Parce que oui, l'enfant bâtard dans l'histoire ce n'est pas moi. C'est toi. Tu n'aurais jamais dû venir au monde, le comprends-tu ? En as-tu le moindre indice ?

Je te hais, du fond de mon être. C'est une haine juste. Le fils doit payer les erreurs du père, le moindre de ses trop nombreux affronts, surtout s'il porte fièrement son nom et joui de l'héritage de sa lignée. Je te hais tellement, ta simple existence m'est une insulte.

Tu es l'enfant chanceux, à qui tout a été accordé. Le petit prince doré... Enfant béni au destin extraordinaire, et que l'on devait protéger à tout prix. Le monde devait être à tes pieds et se plier dans tous les sens pour toi.

Tu ne sais pas à quel point notre mère a pu t'aimer. Tu ne sais pas à quel point ton sang a pu empoisonner son existence. Et tu ne veux pas savoir, tu ne pourras jamais savoir tout ce que tu as pu m'arracher sans un remord. Tu es le sang de ton père, et tu dois en payer le prix. C'est ton crime, je serai celle qui appliquera le châtiment puisque le monde entier semble t'avoir gracié sans broncher.
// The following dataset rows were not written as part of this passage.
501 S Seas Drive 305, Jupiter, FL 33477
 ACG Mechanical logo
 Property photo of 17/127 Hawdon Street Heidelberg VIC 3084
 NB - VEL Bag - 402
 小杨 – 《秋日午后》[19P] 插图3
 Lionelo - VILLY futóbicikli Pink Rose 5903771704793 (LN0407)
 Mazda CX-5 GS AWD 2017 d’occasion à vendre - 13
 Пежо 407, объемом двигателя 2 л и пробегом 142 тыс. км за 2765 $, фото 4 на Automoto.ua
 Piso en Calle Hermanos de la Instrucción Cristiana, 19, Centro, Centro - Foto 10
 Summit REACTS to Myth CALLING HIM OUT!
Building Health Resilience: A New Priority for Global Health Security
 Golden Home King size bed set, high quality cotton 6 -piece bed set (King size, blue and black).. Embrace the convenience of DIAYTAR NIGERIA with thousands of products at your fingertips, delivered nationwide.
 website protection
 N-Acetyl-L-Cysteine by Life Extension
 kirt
Cela ne me dérange pas d'être l'épée du jugement, cela ne me dérange pas d'être ton juge et ton bourreau, ne vas pas me faire croire que c'est injuste. Tu ne connais rien de l'amertume de l'injustice, tu ne connais pas sa morsure et les marques qu'elle laisse. La chance et l'univers entier t'ont toujours souri, en dépit du bon sens et de tout ce qui semblait juste.

Tu ne devrais pas exister, tu es le fruit d'un acte ignoble et abominable. Tu es aussi pourri et maudit que le sang dans tes veines.

J'aimais ma mère, presque autant que j'aimais mon père. J'étais heureuse, mes parents n'étaient pas parfaits, mais ils s'aimaient, je les aimait et je me savais aimée. C'était plus que suffisant. Mère n'a pas toujours été aussi rêche, dure et amère, je l'ai connue capable de tendresse et aimante, je l'ai connue me prenant dans ses bras pour me consoler. Je l'ai connue souriant à mon père avec un éclat solaire dans ses yeux, je l'ai connue déposant un baiser sur mon front et une caresse dans mes cheveux. Toi et ton père m'avaient arraché ma mère, et vous n'avez jamais eu la décence de le réaliser, jamais eu la décence d'en éprouver ne serait-ce que l'ombre d'un regret.

Je vous déteste, je vous hais.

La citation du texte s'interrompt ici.